• **Work to complete**:
Each entry here needs to be given again exactly.

[Web page caption snippets]
^^^^^^^^^^^^^^^^

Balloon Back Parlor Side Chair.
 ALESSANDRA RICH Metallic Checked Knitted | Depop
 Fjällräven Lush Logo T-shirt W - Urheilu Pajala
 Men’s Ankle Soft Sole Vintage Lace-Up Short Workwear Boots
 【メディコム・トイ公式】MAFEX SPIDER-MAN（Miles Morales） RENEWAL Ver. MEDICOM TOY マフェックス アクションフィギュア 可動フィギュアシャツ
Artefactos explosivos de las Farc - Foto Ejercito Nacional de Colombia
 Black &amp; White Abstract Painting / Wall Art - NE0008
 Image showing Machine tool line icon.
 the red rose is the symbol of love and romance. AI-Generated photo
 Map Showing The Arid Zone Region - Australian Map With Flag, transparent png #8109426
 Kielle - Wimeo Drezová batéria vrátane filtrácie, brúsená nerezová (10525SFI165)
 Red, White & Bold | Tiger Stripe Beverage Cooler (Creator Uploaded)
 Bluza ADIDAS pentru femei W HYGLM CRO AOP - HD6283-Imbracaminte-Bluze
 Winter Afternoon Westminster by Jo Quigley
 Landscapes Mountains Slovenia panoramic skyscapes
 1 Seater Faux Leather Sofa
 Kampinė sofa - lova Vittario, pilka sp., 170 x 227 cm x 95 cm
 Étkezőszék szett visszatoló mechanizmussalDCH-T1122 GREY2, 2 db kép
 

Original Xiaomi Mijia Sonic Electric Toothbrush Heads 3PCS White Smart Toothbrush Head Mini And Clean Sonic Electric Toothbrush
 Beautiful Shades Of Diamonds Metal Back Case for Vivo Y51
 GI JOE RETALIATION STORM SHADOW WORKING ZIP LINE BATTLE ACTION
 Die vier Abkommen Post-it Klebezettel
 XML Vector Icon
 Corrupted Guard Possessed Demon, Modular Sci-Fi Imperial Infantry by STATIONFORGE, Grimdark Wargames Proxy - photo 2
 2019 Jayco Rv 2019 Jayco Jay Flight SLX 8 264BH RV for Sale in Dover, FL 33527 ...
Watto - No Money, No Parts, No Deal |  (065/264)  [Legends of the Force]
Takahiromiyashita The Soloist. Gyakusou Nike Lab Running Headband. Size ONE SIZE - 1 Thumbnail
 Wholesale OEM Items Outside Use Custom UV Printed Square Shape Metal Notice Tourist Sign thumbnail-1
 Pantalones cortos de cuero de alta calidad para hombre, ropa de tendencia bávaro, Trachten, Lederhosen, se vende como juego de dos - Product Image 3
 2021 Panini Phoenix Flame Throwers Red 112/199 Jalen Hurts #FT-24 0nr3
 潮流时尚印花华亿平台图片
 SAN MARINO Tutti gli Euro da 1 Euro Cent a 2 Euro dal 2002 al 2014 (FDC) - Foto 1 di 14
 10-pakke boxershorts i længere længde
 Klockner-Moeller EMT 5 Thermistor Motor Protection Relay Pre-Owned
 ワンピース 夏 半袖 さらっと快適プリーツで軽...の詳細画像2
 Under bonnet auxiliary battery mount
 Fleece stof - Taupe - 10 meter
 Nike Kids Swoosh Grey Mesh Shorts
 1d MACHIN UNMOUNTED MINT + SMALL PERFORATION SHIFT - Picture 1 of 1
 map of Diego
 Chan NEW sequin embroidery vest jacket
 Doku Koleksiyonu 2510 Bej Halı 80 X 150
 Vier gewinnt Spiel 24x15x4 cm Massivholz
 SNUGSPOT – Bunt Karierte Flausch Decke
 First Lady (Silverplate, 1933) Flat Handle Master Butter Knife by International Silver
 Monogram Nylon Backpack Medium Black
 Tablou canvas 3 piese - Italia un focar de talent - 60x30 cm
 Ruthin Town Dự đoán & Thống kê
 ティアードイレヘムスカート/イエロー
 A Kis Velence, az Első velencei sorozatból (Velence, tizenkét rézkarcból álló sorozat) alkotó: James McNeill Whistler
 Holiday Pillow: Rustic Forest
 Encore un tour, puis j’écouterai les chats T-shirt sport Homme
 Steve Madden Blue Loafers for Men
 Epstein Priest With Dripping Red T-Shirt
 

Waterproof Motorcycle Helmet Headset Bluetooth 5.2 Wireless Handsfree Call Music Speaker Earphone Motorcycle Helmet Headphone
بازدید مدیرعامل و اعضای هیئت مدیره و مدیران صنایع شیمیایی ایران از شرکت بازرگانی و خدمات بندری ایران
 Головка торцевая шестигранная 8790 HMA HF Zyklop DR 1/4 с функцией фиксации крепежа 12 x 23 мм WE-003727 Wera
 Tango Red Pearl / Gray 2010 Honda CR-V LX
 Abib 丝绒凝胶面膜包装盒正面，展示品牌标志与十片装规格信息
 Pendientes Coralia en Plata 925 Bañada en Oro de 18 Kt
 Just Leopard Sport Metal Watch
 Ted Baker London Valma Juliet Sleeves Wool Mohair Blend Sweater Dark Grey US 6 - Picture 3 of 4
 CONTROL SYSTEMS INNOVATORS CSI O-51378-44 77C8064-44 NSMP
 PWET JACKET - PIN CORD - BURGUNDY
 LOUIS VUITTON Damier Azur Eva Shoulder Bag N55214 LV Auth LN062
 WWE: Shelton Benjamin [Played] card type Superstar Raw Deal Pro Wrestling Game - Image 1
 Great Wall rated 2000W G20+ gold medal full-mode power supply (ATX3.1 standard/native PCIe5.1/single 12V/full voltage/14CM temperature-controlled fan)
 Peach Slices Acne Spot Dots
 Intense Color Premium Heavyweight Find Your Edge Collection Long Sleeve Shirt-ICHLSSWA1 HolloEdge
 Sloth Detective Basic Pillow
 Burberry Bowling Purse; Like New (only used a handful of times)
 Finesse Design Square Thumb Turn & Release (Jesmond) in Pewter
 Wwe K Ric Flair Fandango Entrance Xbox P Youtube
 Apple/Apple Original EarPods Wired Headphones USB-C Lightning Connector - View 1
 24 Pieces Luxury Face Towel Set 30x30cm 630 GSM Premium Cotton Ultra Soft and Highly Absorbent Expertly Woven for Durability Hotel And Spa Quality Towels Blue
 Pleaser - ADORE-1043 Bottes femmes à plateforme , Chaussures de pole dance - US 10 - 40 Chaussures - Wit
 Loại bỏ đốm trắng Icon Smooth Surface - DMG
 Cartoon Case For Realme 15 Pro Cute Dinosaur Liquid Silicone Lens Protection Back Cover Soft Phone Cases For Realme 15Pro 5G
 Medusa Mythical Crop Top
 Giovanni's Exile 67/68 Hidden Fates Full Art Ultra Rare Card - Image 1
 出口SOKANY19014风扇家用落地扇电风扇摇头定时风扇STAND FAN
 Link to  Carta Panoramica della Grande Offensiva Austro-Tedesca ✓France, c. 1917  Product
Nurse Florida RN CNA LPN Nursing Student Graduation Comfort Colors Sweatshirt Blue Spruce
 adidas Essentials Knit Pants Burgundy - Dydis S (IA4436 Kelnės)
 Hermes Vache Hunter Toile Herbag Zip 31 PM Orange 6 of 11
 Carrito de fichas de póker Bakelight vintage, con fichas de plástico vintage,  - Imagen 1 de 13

^^^^^^^^^^^^^^^^

• **Response below**:
Balloon Back Parlor Side Chair.
 ALESSANDRA RICH Metallic Checked Knitted | Depop
 Fjällräven Lush Logo T-shirt W - Urheilu Pajala
 Men’s Ankle Soft Sole Vintage Lace-Up Short Workwear Boots
 【メディコム・トイ公式】MAFEX SPIDER-MAN（Miles Morales） RENEWAL Ver. MEDICOM TOY マフェックス アクションフィギュア 可動フィギュアシャツ
Artefactos explosivos de las Farc - Foto Ejercito Nacional de Colombia
 Black &amp; White Abstract Painting / Wall Art - NE0008
 Image showing Machine tool line icon.
 the red rose is the symbol of love and romance. AI-Generated photo
 Map Showing The Arid Zone Region - Australian Map With Flag, transparent png #8109426
 Kielle - Wimeo Drezová batéria vrátane filtrácie, brúsená nerezová (10525SFI165)
 Red, White & Bold | Tiger Stripe Beverage Cooler (Creator Uploaded)
 Bluza ADIDAS pentru femei W HYGLM CRO AOP - HD6283-Imbracaminte-Bluze
 Winter Afternoon Westminster by Jo Quigley
 Landscapes Mountains Slovenia panoramic skyscapes
 1 Seater Faux Leather Sofa
 Kampinė sofa - lova Vittario, pilka sp., 170 x 227 cm x 95 cm
 Étkezőszék szett visszatoló mechanizmussalDCH-T1122 GREY2, 2 db kép
 

Original Xiaomi Mijia Sonic Electric Toothbrush Heads 3PCS White Smart Toothbrush Head Mini And Clean Sonic Electric Toothbrush
 Beautiful Shades Of Diamonds Metal Back Case for Vivo Y51
 GI JOE RETALIATION STORM SHADOW WORKING ZIP LINE BATTLE ACTION
 Die vier Abkommen Post-it Klebezettel
 XML Vector Icon
 Corrupted Guard Possessed Demon, Modular Sci-Fi Imperial Infantry by STATIONFORGE, Grimdark Wargames Proxy - photo 2
 2019 Jayco Rv 2019 Jayco Jay Flight SLX 8 264BH RV for Sale in Dover, FL 33527 ...
Watto - No Money, No Parts, No Deal |  (065/264)  [Legends of the Force]
Takahiromiyashita The Soloist. Gyakusou Nike Lab Running Headband. Size ONE SIZE - 1 Thumbnail
 Wholesale OEM Items Outside Use Custom UV Printed Square Shape Metal Notice Tourist Sign thumbnail-1
 Pantalones cortos de cuero de alta calidad para hombre, ropa de tendencia bávaro, Trachten, Lederhosen, se vende como juego de dos - Product Image 3
 2021 Panini Phoenix Flame Throwers Red 112/199 Jalen Hurts #FT-24 0nr3
 潮流时尚印花华亿平台图片
 SAN MARINO Tutti gli Euro da 1 Euro Cent a 2 Euro dal 2002 al 2014 (FDC) - Foto 1 di 14
 10-pakke boxershorts i længere længde
 Klockner-Moeller EMT 5 Thermistor Motor Protection Relay Pre-Owned
 ワンピース 夏 半袖 さらっと快適プリーツで軽...の詳細画像2
 Under bonnet auxiliary battery mount
 Fleece stof - Taupe - 10 meter
 Nike Kids Swoosh Grey Mesh Shorts
 1d MACHIN UNMOUNTED MINT + SMALL PERFORATION SHIFT - Picture 1 of 1
 map of Diego
 Chan NEW sequin embroidery vest jacket
 Doku Koleksiyonu 2510 Bej Halı 80 X 150
 Vier gewinnt Spiel 24x15x4 cm Massivholz
 SNUGSPOT – Bunt Karierte Flausch Decke
 First Lady (Silverplate, 1933) Flat Handle Master Butter Knife by International Silver
 Monogram Nylon Backpack Medium Black
 Tablou canvas 3 piese - Italia un focar de talent - 60x30 cm
 Ruthin Town Dự đoán & Thống kê
 ティアードイレヘムスカート/イエロー
 A Kis Velence, az Első velencei sorozatból (Velence, tizenkét rézkarcból álló sorozat) alkotó: James McNeill Whistler
 Holiday Pillow: Rustic Forest
 Encore un tour, puis j’écouterai les chats T-shirt sport Homme
 Steve Madden Blue Loafers for Men
 Epstein Priest With Dripping Red T-Shirt
 

Waterproof Motorcycle Helmet Headset Bluetooth 5.2 Wireless Handsfree Call Music Speaker Earphone Motorcycle Helmet Headphone
بازدید مدیرعامل و اعضای هیئت مدیره و مدیران صنایع شیمیایی ایران از شرکت بازرگانی و خدمات بندری ایران
 Головка торцевая шестигранная 8790 HMA HF Zyklop DR 1/4 с функцией фиксации крепежа 12 x 23 мм WE-003727 Wera
 Tango Red Pearl / Gray 2010 Honda CR-V LX
 Abib 丝绒凝胶面膜包装盒正面，展示品牌标志与十片装规格信息
 Pendientes Coralia en Plata 925 Bañada en Oro de 18 Kt
 Just Leopard Sport Metal Watch
 Ted Baker London Valma Juliet Sleeves Wool Mohair Blend Sweater Dark Grey US 6 - Picture 3 of 4
 CONTROL SYSTEMS INNOVATORS CSI O-51378-44 77C8064-44 NSMP
 PWET JACKET - PIN CORD - BURGUNDY
 LOUIS VUITTON Damier Azur Eva Shoulder Bag N55214 LV Auth LN062
 WWE: Shelton Benjamin [Played] card type Superstar Raw Deal Pro Wrestling Game - Image 1
 Great Wall rated 2000W G20+ gold medal full-mode power supply (ATX3.1 standard/native PCIe5.1/single 12V/full voltage/14CM temperature-controlled fan)
 Peach Slices Acne Spot Dots
 Intense Color Premium Heavyweight Find Your Edge Collection Long Sleeve Shirt-ICHLSSWA1 HolloEdge
 Sloth Detective Basic Pillow
 Burberry Bowling Purse; Like New (only used a handful of times)
 Finesse Design Square Thumb Turn & Release (Jesmond) in Pewter
 Wwe K Ric Flair Fandango Entrance Xbox P Youtube
 Apple/Apple Original EarPods Wired Headphones USB-C Lightning Connector - View 1
 24 Pieces Luxury Face Towel Set 30x30cm 630 GSM Premium Cotton Ultra Soft and Highly Absorbent Expertly Woven for Durability Hotel And Spa Quality Towels Blue
 Pleaser - ADORE-1043 Bottes femmes à plateforme , Chaussures de pole dance - US 10 - 40 Chaussures - Wit
 Loại bỏ đốm trắng Icon Smooth Surface - DMG
 Cartoon Case For Realme 15 Pro Cute Dinosaur Liquid Silicone Lens Protection Back Cover Soft Phone Cases For Realme 15Pro 5G
 Medusa Mythical Crop Top
 Giovanni's Exile 67/68 Hidden Fates Full Art Ultra Rare Card - Image 1
 出口SOKANY19014风扇家用落地扇电风扇摇头定时风扇STAND FAN
 Link to  Carta Panoramica della Grande Offensiva Austro-Tedesca ✓France, c. 1917  Product
Nurse Florida RN CNA LPN Nursing Student Graduation Comfort Colors Sweatshirt Blue Spruce
 adidas Essentials Knit Pants Burgundy - Dydis S (IA4436 Kelnės)
 Hermes Vache Hunter Toile Herbag Zip 31 PM Orange 6 of 11
 Carrito de fichas de póker Bakelight vintage, con fichas de plástico vintage,  - Imagen 1 de 13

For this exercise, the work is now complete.